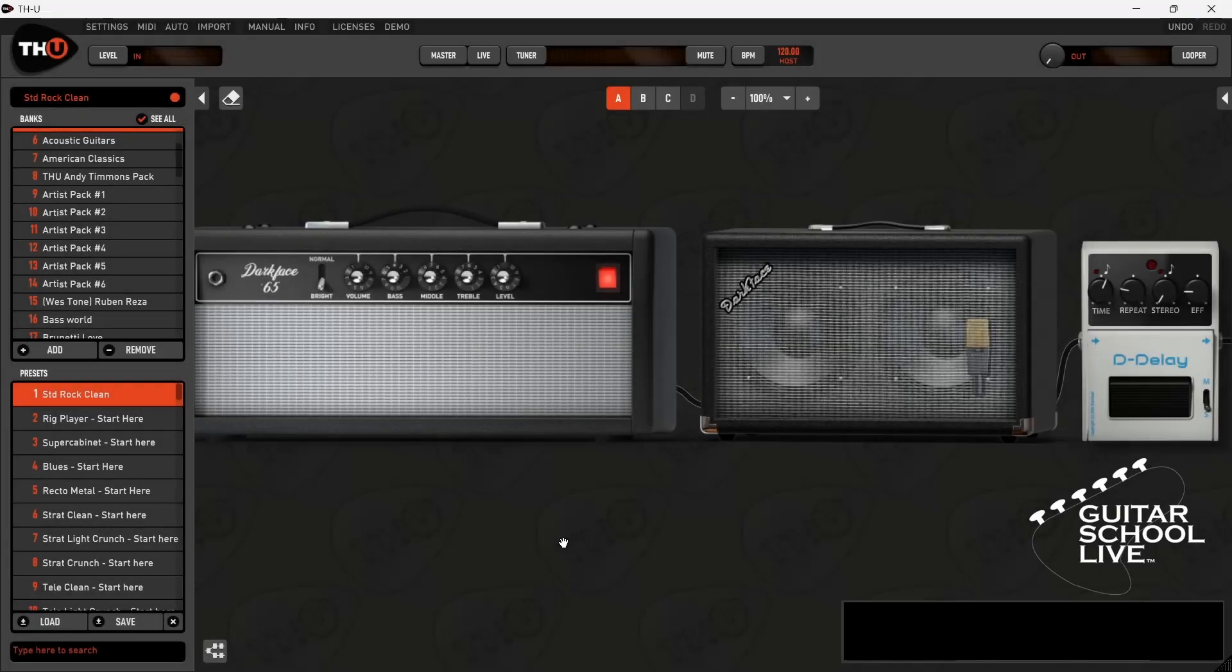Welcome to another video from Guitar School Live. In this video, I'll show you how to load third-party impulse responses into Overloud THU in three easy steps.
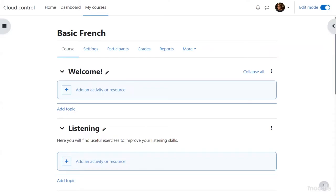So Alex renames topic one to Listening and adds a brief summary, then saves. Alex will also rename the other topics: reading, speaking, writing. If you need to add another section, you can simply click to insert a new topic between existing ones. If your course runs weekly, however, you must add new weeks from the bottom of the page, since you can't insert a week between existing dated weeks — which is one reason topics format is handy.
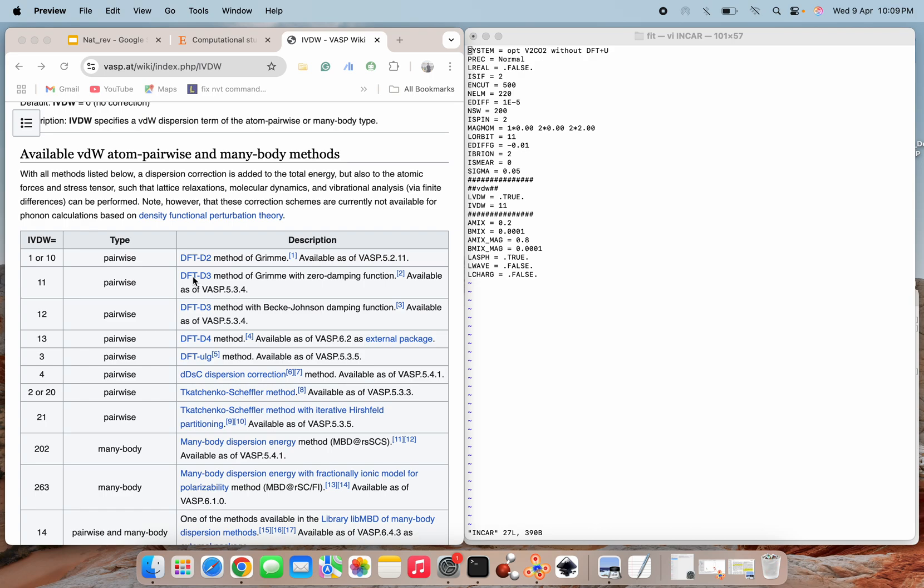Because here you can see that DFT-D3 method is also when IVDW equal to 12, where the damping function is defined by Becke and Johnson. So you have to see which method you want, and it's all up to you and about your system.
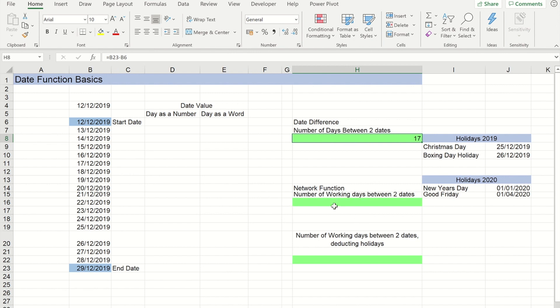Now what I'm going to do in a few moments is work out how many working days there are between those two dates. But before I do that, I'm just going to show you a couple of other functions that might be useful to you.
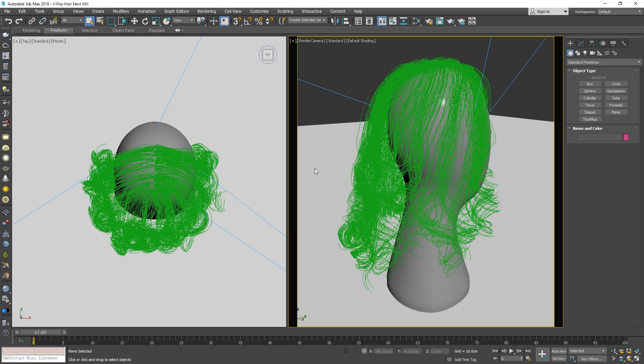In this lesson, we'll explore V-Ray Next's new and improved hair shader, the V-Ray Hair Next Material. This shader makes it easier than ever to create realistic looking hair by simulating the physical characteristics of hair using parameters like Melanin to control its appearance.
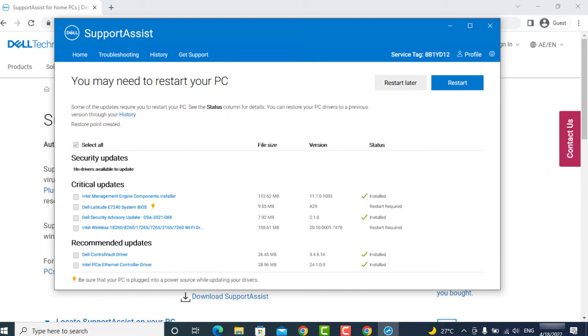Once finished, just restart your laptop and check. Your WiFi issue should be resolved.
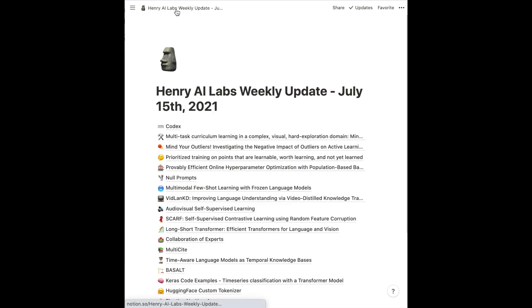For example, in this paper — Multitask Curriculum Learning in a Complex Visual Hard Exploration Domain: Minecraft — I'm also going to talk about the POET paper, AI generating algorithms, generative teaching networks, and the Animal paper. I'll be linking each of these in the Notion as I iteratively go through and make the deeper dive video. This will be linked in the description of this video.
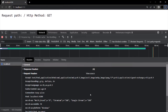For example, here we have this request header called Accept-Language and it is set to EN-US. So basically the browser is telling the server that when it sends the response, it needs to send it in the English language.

▬▬▬▬▬▬

- EXERCISE REQUIREMENTS
Your answer should contain only the lines from the beginning of the listing above through the line with "For example, in", copied exactly and without the pictures.

- RESULT OF THE EXERCISE
Welcome to another video from Guitar School Live. In this video, I'll show you how to load third-party impulse responses into Overloud THU in three easy steps.
So Alex renames topic one to Listening and adds a brief summary, then saves. Alex will also rename the other topics: reading, speaking, writing. If you need to add another section, you can simply click to insert a new topic between existing ones. If your course runs weekly, however, you must add new weeks from the bottom of the page, since you can't insert a week between existing dated weeks — which is one reason topics format is handy.
Because here you can see that DFT-D3 method is also when IVDW equal to 12, where the damping function is defined by Becke and Johnson. So you have to see which method you want, and it's all up to you and about your system.
Now what I'm going to do in a few moments is work out how many working days there are between those two dates. But before I do that, I'm just going to show you a couple of other functions that might be useful to you.
In this lesson, we'll explore V-Ray Next's new and improved hair shader, the V-Ray Hair Next Material. This shader makes it easier than ever to create realistic looking hair by simulating the physical characteristics of hair using parameters like Melanin to control its appearance.
Once finished, just restart your laptop and check. Your WiFi issue should be resolved.
For example, in this paper — Multitask Curriculum Learning in a Complex Visual Hard Exploration Domain: Minecraft — I'm also going to talk about the POET paper, AI generating algorithms, generative teaching networks, and the Animal paper. I'll be linking each of these in the Notion as I iteratively go through and make the deeper dive video. This will be linked in the description of this video.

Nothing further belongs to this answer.